The JRS is currently supporting 11 men who recently crossed the Channel in small boats and who have experienced trafficking, forced labour and torture on their journey to the UK.

One is from Syria and the rest from Sudan, a journey typically takes them through Libya, which is known to be rife with trafficking with numerous accounts of mistreatment and torture. “Some have told us that they were sold between gangs, forced to work and never paid. Others were sold on repeatedly to other traffickers. Many bear the physical and mental scarring of this time,” added Teather.

One of the Sudanese men supported by JRS UK had spent four years in such conditions in Libya, but could not explain this at his “screening” interview as it was cut short. Six others have shared records of their screening interviews with all six confirming that officials skipped the key questions:

“Why have you come to the UK’? and “Please outline your journey to the UK.” Four individuals whose screening interviews were cut short are scheduled to be removed on charter flights this week. A further four potential victims of trafficking have also removals scheduled for this week amid concerns from the organisation that they also have not been given full screening interviews.

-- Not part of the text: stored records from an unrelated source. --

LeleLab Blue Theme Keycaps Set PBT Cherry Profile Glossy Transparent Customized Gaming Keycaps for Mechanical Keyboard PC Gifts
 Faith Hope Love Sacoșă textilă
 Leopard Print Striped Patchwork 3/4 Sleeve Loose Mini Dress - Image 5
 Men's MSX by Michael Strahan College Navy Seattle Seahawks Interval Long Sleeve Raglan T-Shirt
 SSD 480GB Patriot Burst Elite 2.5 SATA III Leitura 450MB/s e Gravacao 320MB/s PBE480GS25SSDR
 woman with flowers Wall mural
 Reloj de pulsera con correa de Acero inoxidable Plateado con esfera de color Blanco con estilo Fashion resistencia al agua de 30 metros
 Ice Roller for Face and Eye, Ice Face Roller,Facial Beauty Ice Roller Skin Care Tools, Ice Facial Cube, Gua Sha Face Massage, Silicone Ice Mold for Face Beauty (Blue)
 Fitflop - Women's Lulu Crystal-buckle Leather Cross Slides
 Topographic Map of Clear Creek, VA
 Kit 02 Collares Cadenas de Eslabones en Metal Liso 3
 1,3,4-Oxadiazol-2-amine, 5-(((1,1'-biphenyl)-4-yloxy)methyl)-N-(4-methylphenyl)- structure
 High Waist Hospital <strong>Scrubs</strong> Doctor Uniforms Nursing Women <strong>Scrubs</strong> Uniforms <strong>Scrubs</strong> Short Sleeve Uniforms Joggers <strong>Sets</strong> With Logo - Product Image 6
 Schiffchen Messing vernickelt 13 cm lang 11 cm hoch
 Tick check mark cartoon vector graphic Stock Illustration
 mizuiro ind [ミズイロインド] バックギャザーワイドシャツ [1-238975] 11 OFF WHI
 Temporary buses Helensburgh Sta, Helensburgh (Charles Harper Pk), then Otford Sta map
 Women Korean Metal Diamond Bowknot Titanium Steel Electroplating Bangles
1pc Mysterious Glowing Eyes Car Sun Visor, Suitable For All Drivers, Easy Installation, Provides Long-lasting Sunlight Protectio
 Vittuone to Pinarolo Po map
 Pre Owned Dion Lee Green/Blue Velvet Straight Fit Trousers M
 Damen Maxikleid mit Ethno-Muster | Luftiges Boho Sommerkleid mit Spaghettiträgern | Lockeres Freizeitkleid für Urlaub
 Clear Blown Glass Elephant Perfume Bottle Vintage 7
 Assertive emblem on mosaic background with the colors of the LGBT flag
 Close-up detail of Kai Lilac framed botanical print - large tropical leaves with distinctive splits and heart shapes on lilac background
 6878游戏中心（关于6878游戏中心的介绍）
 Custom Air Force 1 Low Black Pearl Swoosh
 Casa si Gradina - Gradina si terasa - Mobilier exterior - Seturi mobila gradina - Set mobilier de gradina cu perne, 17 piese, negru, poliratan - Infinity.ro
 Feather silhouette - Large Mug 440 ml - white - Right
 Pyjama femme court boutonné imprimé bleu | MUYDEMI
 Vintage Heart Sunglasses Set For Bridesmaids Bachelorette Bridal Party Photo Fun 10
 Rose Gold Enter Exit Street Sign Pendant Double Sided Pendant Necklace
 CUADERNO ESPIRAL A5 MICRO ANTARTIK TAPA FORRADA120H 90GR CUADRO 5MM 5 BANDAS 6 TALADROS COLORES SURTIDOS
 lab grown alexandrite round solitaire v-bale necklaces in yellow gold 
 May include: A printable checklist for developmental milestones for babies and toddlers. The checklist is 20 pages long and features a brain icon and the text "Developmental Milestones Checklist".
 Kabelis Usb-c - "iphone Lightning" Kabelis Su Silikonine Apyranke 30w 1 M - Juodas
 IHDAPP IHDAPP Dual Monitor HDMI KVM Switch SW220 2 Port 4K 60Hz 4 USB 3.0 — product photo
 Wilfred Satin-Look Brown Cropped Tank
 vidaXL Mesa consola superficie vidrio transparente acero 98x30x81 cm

All individuals held in immigration detention also have the right to legal advice, but Teather says legal access is currently erratic and she fears that some of those on this week’s flights will have been unable to challenge their removal.

A Home Office spokesperson said: “We remain determined to fix the broken asylum system so that it is firm and fair and make no apology for removing those with no right to remain in the UK. “All individuals due to be removed have or will have been through a screening interview, which includes updated questions on trafficking, prior to removal. To suggest otherwise is inaccurate.”